Pero algo cambió en 1948. El interés de los judíos por Israel es proporcional a la hostilidad que se les manifiesta y no a la inversa como alegan los antisemitas. En el sionismo la única riqueza verdadera que se le ofrece al judío es la seguridad de la vida, física y afectiva, en el sentido más original de la palabra. Esto es el reverso a la dispersión (la seguridad de la muerte). El sionismo es pasar de una época en la cual la historia es sufrida por los judíos, a una época en la cual se crea historia, se la disfruta. Además, la respuesta sionista a la cuestión judía no es un mito como tantas ideologías fracasadas del siglo XIX y XX. Es una realidad misma: A la alienación de los guetos opone la libertad de lo universal; a la inseguridad de la falsa emancipación clásica opone la seguridad de una sociedad contractual; a la inquietud de la muerte opone la dicha; al aislamiento improductivo opone la sociabilidad productiva; a la humillación gratuita opone la gloriosa victoria. En otras palabras, al igual que muchos hermanos, siento orgullo de ser judío – no simplemente por la gesta de Moisés, los Macabeos, la Torá o una tradición de cuatro milenios – sino precisamente por el Israel del siglo XXI. Siento orgullo de ser judío hoy, aquí y ahora, gracias al Estado de Israel terrenal. Levántate hasta que los corderos se conviertan en leones. La magnitud de la masacre que sufrimos nos hace saber para siempre que ser judío en la dispersión es para la muerte violenta sin causa justificada. Por ende, la única respuesta científica es el sionismo, pues contiene un futuro de vida a construir para uno mismo, mientras que todas las otras respuestas ilusorias a largo plazo son de muerte.
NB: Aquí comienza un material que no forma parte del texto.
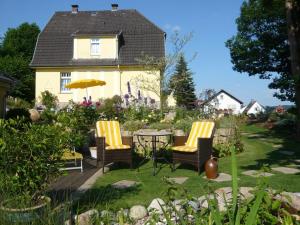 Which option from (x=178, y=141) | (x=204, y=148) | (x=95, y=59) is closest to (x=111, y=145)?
(x=178, y=141)

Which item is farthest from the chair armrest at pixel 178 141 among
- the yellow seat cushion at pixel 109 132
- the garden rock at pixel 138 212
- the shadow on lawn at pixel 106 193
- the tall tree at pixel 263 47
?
the tall tree at pixel 263 47

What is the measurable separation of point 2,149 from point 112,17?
2819 centimetres

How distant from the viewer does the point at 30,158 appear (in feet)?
13.5

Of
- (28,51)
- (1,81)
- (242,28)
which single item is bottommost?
(1,81)

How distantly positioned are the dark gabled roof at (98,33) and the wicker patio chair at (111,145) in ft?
57.1

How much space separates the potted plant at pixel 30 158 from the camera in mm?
3922

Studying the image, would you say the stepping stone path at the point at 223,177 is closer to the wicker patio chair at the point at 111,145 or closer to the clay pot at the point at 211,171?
the clay pot at the point at 211,171

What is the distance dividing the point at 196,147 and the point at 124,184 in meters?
2.14

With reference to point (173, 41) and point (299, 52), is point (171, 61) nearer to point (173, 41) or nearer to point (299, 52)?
point (173, 41)

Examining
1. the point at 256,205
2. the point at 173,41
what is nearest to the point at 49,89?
the point at 173,41

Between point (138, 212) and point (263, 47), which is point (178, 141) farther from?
point (263, 47)

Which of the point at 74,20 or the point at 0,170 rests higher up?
the point at 74,20

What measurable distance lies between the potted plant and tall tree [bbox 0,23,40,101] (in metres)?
31.6

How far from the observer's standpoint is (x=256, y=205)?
1697mm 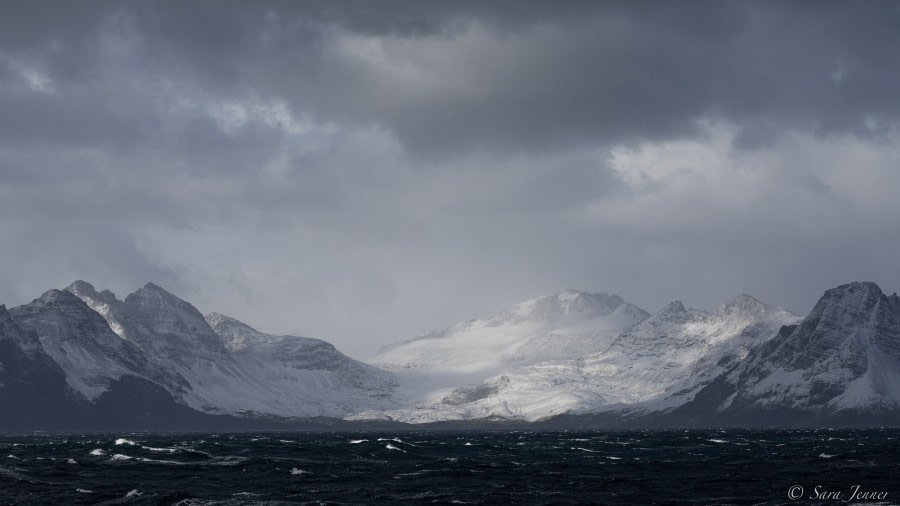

Por ende, oponerse al sionismo no es simplemente negar el derecho a la autodeterminación nacional de un pueblo entero. No es simplemente abogar por la desaparición de un país soberano. Oponerse al sionismo, es desear la muerte de todos y cada uno de los judíos de este mundo, hasta el último bebé mitad judío nacido en Alaska. Así de simple. Pero si los judíos entendemos que somos parte de una misma nación y un mismo destino, si somos fieles a Israel y defendemos a los nuestros… mejor cuidate Persia, porque sufrirás un daño enorme y no habrá Chavez que te salve. Pues la única virtud a presente es la lealtad.